Only the lines from the beginning of the data below through the line that contains "Cefito 1829 x" should be repeated, exactly as written.
↓
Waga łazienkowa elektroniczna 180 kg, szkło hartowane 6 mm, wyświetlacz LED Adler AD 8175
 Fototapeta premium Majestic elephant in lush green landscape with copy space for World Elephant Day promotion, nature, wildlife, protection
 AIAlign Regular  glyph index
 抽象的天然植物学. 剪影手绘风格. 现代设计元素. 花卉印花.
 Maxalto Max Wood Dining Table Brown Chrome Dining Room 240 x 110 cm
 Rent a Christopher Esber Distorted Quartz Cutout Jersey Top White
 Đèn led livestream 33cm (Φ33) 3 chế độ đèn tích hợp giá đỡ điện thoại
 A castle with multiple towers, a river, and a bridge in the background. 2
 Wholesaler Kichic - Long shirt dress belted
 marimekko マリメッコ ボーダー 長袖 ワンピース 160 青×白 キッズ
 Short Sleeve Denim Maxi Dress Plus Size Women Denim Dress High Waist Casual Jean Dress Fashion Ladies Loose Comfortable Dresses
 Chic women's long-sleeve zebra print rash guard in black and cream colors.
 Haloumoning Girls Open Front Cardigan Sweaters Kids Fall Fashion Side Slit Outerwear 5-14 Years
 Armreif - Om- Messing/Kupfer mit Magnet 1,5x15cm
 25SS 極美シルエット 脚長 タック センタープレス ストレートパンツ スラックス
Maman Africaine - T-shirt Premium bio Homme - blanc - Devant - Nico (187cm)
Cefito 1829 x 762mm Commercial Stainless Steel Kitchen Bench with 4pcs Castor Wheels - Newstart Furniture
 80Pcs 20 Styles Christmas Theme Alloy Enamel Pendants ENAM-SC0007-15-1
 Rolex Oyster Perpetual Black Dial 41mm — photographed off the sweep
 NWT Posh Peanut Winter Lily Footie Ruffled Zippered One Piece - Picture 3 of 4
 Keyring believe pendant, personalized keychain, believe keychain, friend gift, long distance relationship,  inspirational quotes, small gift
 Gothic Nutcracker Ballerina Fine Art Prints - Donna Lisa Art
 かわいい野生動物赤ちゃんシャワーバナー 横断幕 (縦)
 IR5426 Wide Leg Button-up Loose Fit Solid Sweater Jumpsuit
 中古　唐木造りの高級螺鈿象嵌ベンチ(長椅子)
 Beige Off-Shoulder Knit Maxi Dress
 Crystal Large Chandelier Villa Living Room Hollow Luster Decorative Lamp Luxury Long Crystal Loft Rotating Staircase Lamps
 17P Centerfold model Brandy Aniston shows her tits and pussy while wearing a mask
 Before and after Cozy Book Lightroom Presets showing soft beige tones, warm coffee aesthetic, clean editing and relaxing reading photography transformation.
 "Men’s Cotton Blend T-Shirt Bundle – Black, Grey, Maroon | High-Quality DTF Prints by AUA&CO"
↑
= The completed task =
Waga łazienkowa elektroniczna 180 kg, szkło hartowane 6 mm, wyświetlacz LED Adler AD 8175
 Fototapeta premium Majestic elephant in lush green landscape with copy space for World Elephant Day promotion, nature, wildlife, protection
 AIAlign Regular  glyph index
 抽象的天然植物学. 剪影手绘风格. 现代设计元素. 花卉印花.
 Maxalto Max Wood Dining Table Brown Chrome Dining Room 240 x 110 cm
 Rent a Christopher Esber Distorted Quartz Cutout Jersey Top White
 Đèn led livestream 33cm (Φ33) 3 chế độ đèn tích hợp giá đỡ điện thoại
 A castle with multiple towers, a river, and a bridge in the background. 2
 Wholesaler Kichic - Long shirt dress belted
 marimekko マリメッコ ボーダー 長袖 ワンピース 160 青×白 キッズ
 Short Sleeve Denim Maxi Dress Plus Size Women Denim Dress High Waist Casual Jean Dress Fashion Ladies Loose Comfortable Dresses
 Chic women's long-sleeve zebra print rash guard in black and cream colors.
 Haloumoning Girls Open Front Cardigan Sweaters Kids Fall Fashion Side Slit Outerwear 5-14 Years
 Armreif - Om- Messing/Kupfer mit Magnet 1,5x15cm
 25SS 極美シルエット 脚長 タック センタープレス ストレートパンツ スラックス
Maman Africaine - T-shirt Premium bio Homme - blanc - Devant - Nico (187cm)
Cefito 1829 x 762mm Commercial Stainless Steel Kitchen Bench with 4pcs Castor Wheels - Newstart Furniture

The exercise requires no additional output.